• Dilated Aortic Root Associated with Higher Rates of Aortic Dissection at a Smaller Diameter: IRAD Registry

    Patients with modest dilation in the aortic root (AR) had acute type A aortic dissections (ATAD) at a significantly smaller diameter compared to patients with modestly dilated ascending aorta (AA), according to registry data.

    Asvin M. Ganapathi, MD, of Ohio State University Wexner Medical Center,  and colleagues reported these findings from the International Registry of Acute Aortic Dissection (IRAD) database in a paper published online Monday and in the May 17 issue of the Journal of the American College of Cardiology.

    IRAD is an international registry consisting of 42 referral centers throughout North America, Europe and Asia that enrolls patients with acute aortic dissection.

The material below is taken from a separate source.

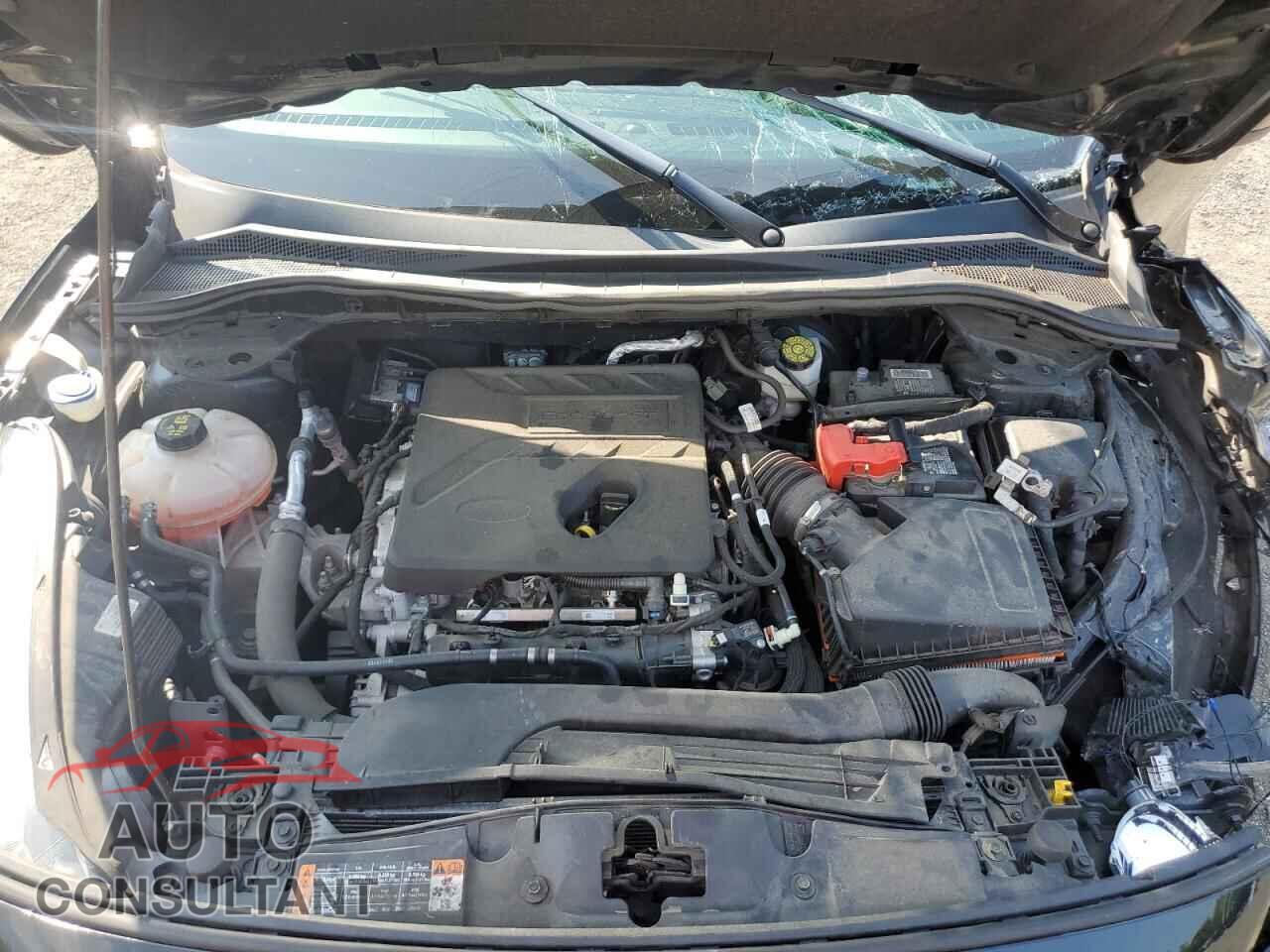 FORD ESCAPE 2020 - 1FMCU9H67LUA64902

For the current study, patients presenting with ATAD from May 1996 to October 2016 (n = 4,254) were screened, of whom 1,120 had measurements available for both the aortic root (AR) and supracoronary AA. Of these, patients with maximal aortic diameters (MAD) < 5.5 cm at the time of ATAD were included in the final analysis (n=667). Patients with connective tissue disorders, congenital bicuspid valve, familial thoracic aneurysm and dissection syndromes were excluded from the analysis.

    Patients were stratified into two groups by location of the largest proximal aortic segment, AR (n=137) and supracoronary AA (n=530), at the time of the ATAD. The mean age was 58.5 ± 13.0 years in the AR group and 63.2 ± 13.3 years in the supracoronary AA group. The majority of patients were male (AR 78.1% vs AA 64.7%), and a small proportion had a known history of aortic aneurysm (AR 10.3% vs. AA 10.1%). The most common presentation was chest pain. Moderate to severe aortic insufficiency was more common in the AR group vs AA group (35.3% vs 28.9%).

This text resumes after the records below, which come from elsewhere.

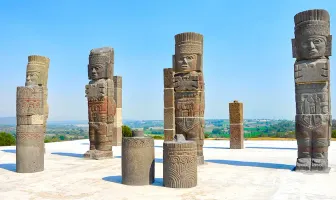 5 Nights 6 Days Mexico Tour Package 5 Nights 6 Days Mexico Tour Package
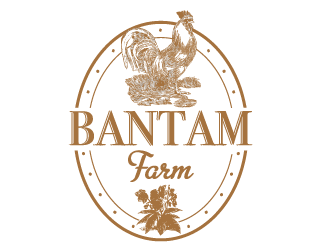 Bantam Farm logo design by Ultimatum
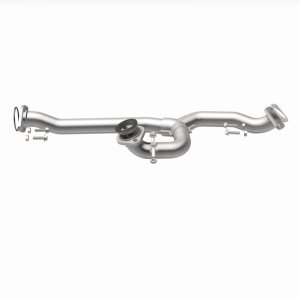 Lincoln Zephyr Performance Exhaust - Front - Magnaflow - Direct-Fit Front Pipe Kit - `06-`12
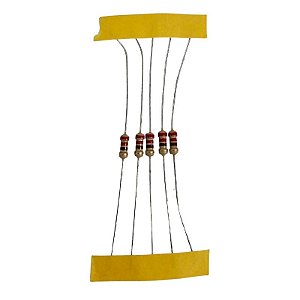 Resistor 220R 1/4W 5%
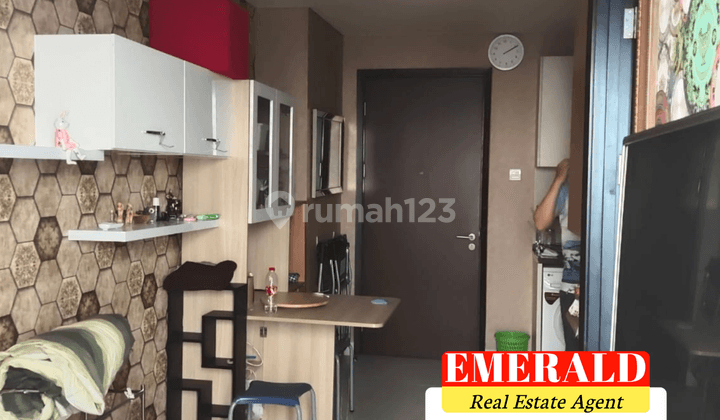 Disewakan Apartemen 1BR Furnish Puri Mansion Tower A Termurah 1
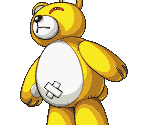 Monzaemon - Digimon World DS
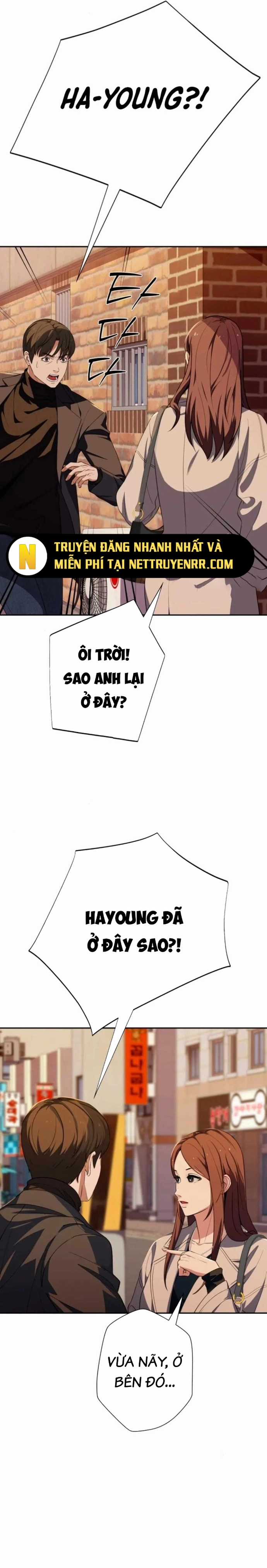Lừa Đảo Bằng Giọng Nói Làm Đảo Lộn Cuộc Sống Của Bạn Chapter 26 trang 5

    There were slight differences in the operative characteristics among two groups, with a trend toward relatively frequent use of hypothermic circulatory arrest in the AA group and higher rate of concomitant coronary artery bypass graft and aortic root replacement in AR group. The study found that modestly dilated ARs (median MAD 4.6 cm [interquartile range {IQR}: 4.1-5.0 cm]) appears to dissect at a significantly smaller diameter compared to modestly dilated AAs (median MAD 4.8 cm [IQR: 4.4-5.1 cm], p<0.01). Postoperative outcomes were comparable between the groups. In-hospital/30-day mortality rates were 19.0% in the AR group and 17.5% in the AA group (p=0.70). The unadjusted long-term survival was also comparable between the groups (p=0.09).

    The key limitations of the study include that it was a retrospective analysis with the potential for bias; the cohort was largely from high-volume centers, so the results are not generalizable to other centers; and the validation of the measurements submitted to IRAD was not performed by a core lab. The authors concluded that approximately 20% of ATAD occurs in MAD < 5.5 cm, and these findings may have implications for future guidelines regarding management of aortic disease patients.

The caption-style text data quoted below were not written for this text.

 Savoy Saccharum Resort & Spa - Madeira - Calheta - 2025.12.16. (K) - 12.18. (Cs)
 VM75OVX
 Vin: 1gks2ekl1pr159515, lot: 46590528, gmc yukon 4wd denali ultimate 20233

    In an accompanying editorial, Milind Y. Desai, MD, MBA, and Lars G. Svensson, MD, PhD, of Heart, Vascular, and Thoracic Institute, Cleveland Clinic, acknowledged the diligent efforts of the authors to exclude genetic mediated aortopathies. However, the editorialists stated that the study likely included some patients with unrecognized genetically triggered aortopathy given new mutations being rapidly discovered in these patients. They recommended to reinforce the strategies aimed at precision imaging and endorsed aortic cross-sectional area to-height ratio as a better method for quantifying risk of future aortic complications, particularly for the patients with dilated AR.

    Furthermore, they stressed the need for developing high-volume centers of excellence where such patients can be treated expeditiously using precision imaging with excellent outcomes.


    Ganapathi AM, Ranney DN, Peterson MD, et al. Location of Aortic Enlargement and Risk of Type A Dissection at Smaller Diameters. Location of Aortic Enlargement and Risk

    of Type A Dissection at Smaller Diameters. J Am Coll Cardiol 2022;79:1890–1897.

    Desai MY, Svensson LG. Toward a Precision Imaging-Driven Approach to Aortic Surgical Timing: Dissecting the Root of the Matter. J Am Coll Cardiol 2022;79:1898–1900.